The first concerted attack on agriculture subsidies – known among veteran trade negotiators as the ‘montant de soutien’ negotiations (think of it as the quantum of support) failed. They failed, I believe, because politically you cannot just lump all subsidies together and then reduce them.
We made negotiating progress in reducing agriculture subsidies only when we successfully introduced comparable negotiating categories. Without the Green Box ‘safe harbour’ concept, for example, it is most unlikely that the EU in particular would have been able to make as much progress in subsidy reform.
To succeed with fossil fuel subsidy reform we will also need some type of ‘traffic light’ system that differentiates between different types of subsidies. Real purists never like these compromises but real purists never negotiate anything successfully.
This is extremely difficult for developing countries since certain types of consumption subsidies protect vulnerable communities. At the same time, these subsidies can impose crippling fiscal costs on them. We need a politically sophisticated pathway and the best way to do this is to provide a negotiated and concerted approach.
For those here who may be thinking this sounds extremely theoretical, let me emphasise that some early progress is being made. Crucially, in 2009 G20 Leaders committed to rationalise and phase out inefficient fossil fuel subsidies. This was followed two months later by APEC Leaders making a comparable commitment.
I spoke earlier about the importance of the most powerful countries providing political leadership – if we are ever to make progress on multilateral solutions. Here the first step has clearly been taken by the most powerful countries. However I also spoke about the importance of powerful countries working with smaller countries to build convergence. This is the model we are trying to follow. The lead has been taken in the G20. New Zealand is now forming a group of smaller countries to support this idea and initiative.
We established a few months ago a ‘Friends of Fossil Fuel Subsidy Reform’ group. It comprises New Zealand, Denmark, Sweden, Switzerland and – crucially, given their role in fossil fuel production, Norway We are now reaching out beyond this small group of smaller developed countries to approach a similar number of smaller developing economies. I am reasonably optimistic we shall succeed. Our aim will be to support the major economies but push strongly the agenda of reform.

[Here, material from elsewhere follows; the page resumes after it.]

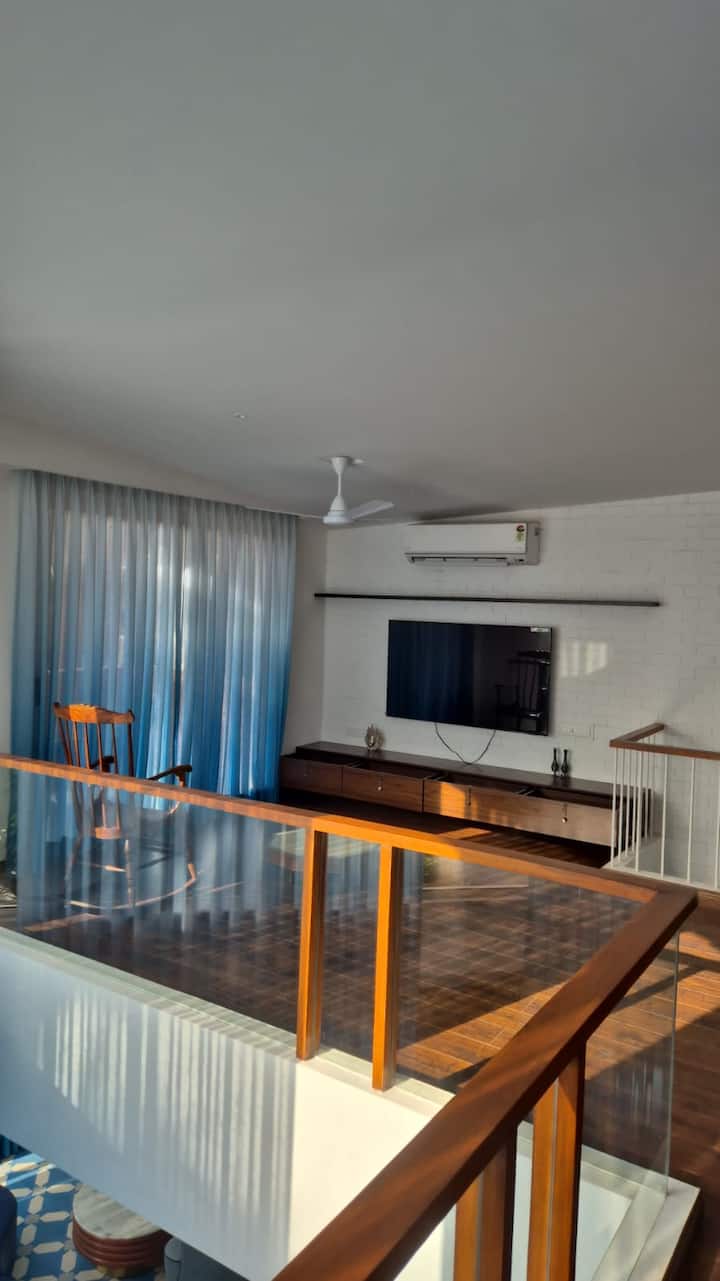Living room image 1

I will not even begin to outline the nature of the policy or technical choices – other than to re-emphasise my strong personal view that any successful reform path on this massive subsidy peak will necessarily involve what professional negotiators call ‘a traffic light approach’ to reflect the different of environmental and economic impacts of fossil fuel subsidies.

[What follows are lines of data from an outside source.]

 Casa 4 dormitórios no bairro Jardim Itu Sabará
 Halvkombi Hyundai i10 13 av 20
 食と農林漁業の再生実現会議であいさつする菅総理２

Nor am I going to position NZ on what might be the best negotiating forum to carry forward a reform of fossil fuel subsidies – WTO, UNFCCC, a tailor-made negotiating Forum? Of course I have views. But this initiative is at an early stage. We are not ready to call in the architects, let alone the engineers to operationalise this project. We are still at the point of trying to build a political consensus in favour of long term reform of fossil fuel subsidies.
Reflecting on these two agendas – climate change and trade – it is clear that the linkages are strong. They are strong, at least I believe so, in terms of lessons as to how to bring multilateral economic negotiations to a successful conclusion. There are also strong policy linkages both positively and, potentially, negatively. Finally, while each country can of course pursue its own trade policies and its own climate change policies unilaterally – and there is certainly a case for pushing ahead on both fronts – personally, I don’t think the time has come to throw in the towel on multilateral negotiations on either front.